● **MATERIAL PROVIDED**
────────

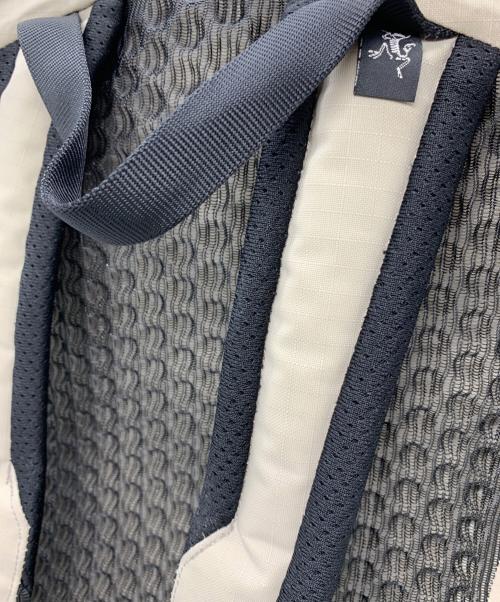 ARC'TERYX（アークテリクス）ARC'TERYX (アークテリクス) ARC'TERYX　Granville 16 Backpack　バックパック グレーの古着・服飾アイテム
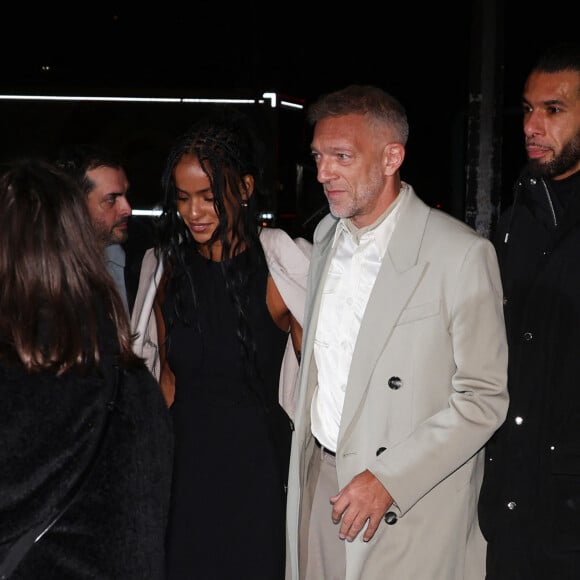 Son couple avec le mannequin brésilien Narah Baptista est officiel
Narah Baptista et Vincent Cassel - Arrivées des personnalités au défilé AMI collection homme automne/hiver 2024/2025 lors de la fashion week à Paris (PFW) le 18 janvier 2024. © Denis Guignebourg / Bestimage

────────

Please copy, exactly and only, the lines of the listing that run from the one holding "Son couple avec" through its last line, and exclude pictures.

● **ANSWER SECTION**
 Son couple avec le mannequin brésilien Narah Baptista est officiel
Narah Baptista et Vincent Cassel - Arrivées des personnalités au défilé AMI collection homme automne/hiver 2024/2025 lors de la fashion week à Paris (PFW) le 18 janvier 2024. © Denis Guignebourg / Bestimage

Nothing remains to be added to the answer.